Es klang wie ein Seufzer der Erleichterung. Mit Conte, das weiß man in Brüssel, kann die EU konstruktiv zusammenarbeiten. Mit dem bisherigen Innenminister und Lega-Führer Matteo Salvini konnte man es nicht.
Vor allem in der Flüchtlings- und in der Finanzpolitik war Salvini für die EU ein rotes Tuch. Der Rechtspolitiker sperrte italienische Häfen für Rettungsboote und drohte, sich über die strikten EU-Haushaltsregeln hinwegzusetzen.
Allerdings werden die Probleme auch mit Conte nicht über Nacht verschwinden. Er hat zwar eine humanere Migrationspolitik angekündigt und dürfte, so hofft man in Brüssel, keine neuen Flüchtlingsdramen provozieren.
Doch an der katastrophalen Lage in Libyen – von wo aus die meisten Boote gen Italien ablegen – ändert sich ebenso wenig wie am Streit um die Seenotrettung. Wie es weiter geht, soll ein EU-Krisentreffen am 19. September auf Malta klären.

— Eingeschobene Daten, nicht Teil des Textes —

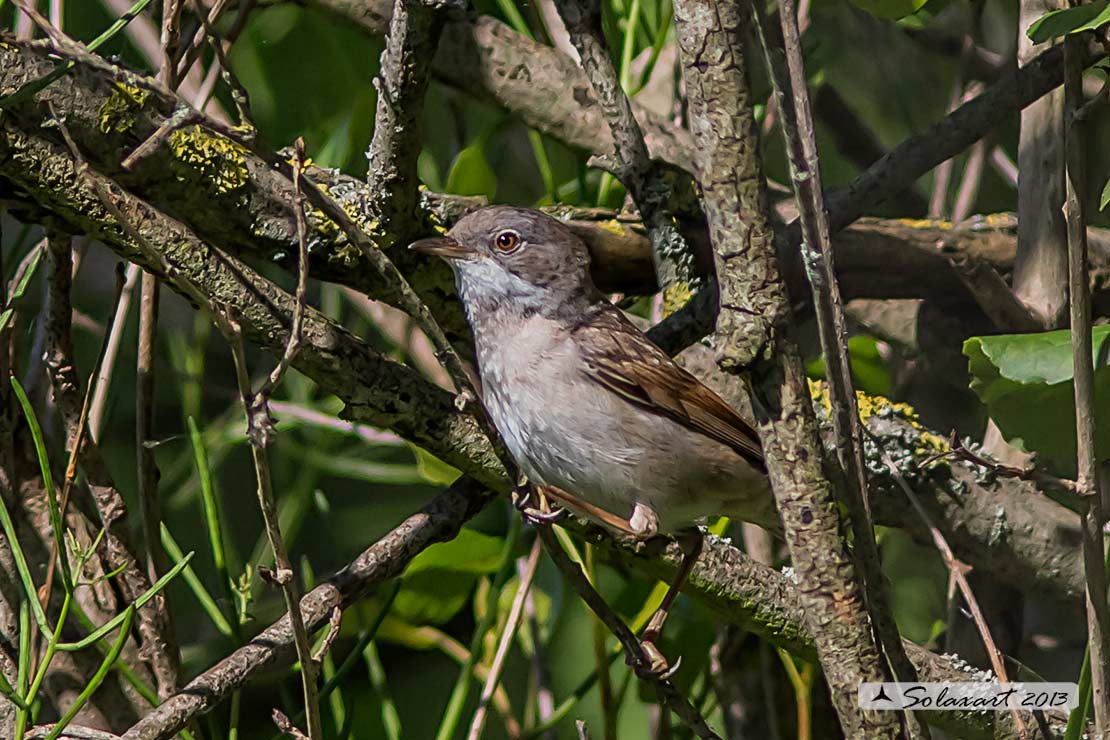 Sylvia communis: Sterpazzola; Common Whitethroat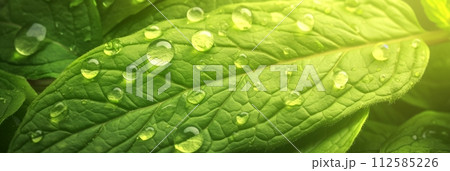 Background of green mint leaves, texture of aromatic healthy mint plants, banner 112585226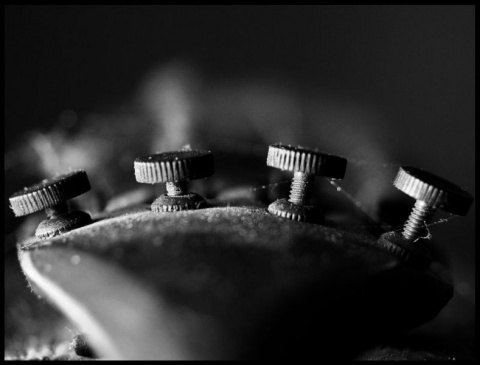 Kliknij na zdjęcie, żeby zobaczyć w pełnych wymiarach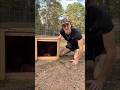 I didn’t know they swim like that #capybara #animals #mysterybox #foryou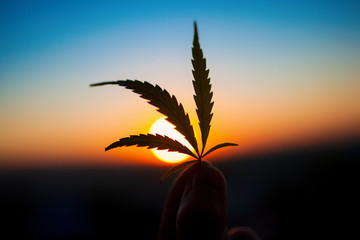 Marijuana leaves in the hands of man, cannabis on the background of the sunset sky with sunlight,...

Auch am italienischen Schuldenberg wird sich nichts ändern. Er ist auch in den Jahren weiter gewachsen, in denen sich Rom an die strikten EU-Vorgaben hielt. Schuld sind die Schuldenregeln, die prozyklisch wirken.
Und dann ist da noch die Unzufriedenheit der Italiener. Salvini hat sie populistisch ausgebeutet – doch auch sie verschwindet nicht über Nacht. Im Gegenteil: Eine neue Regierung ohne Wahl könnte den Frust noch verstärken.
Salvini weiß das. Er will den Volkszorn anstacheln – und ruft zu einer Massendemo nach Rom. Der 19. Oktober soll zum “Tag des italienischen Stolzes” werden. Die Krise ist noch lange nicht vorbei…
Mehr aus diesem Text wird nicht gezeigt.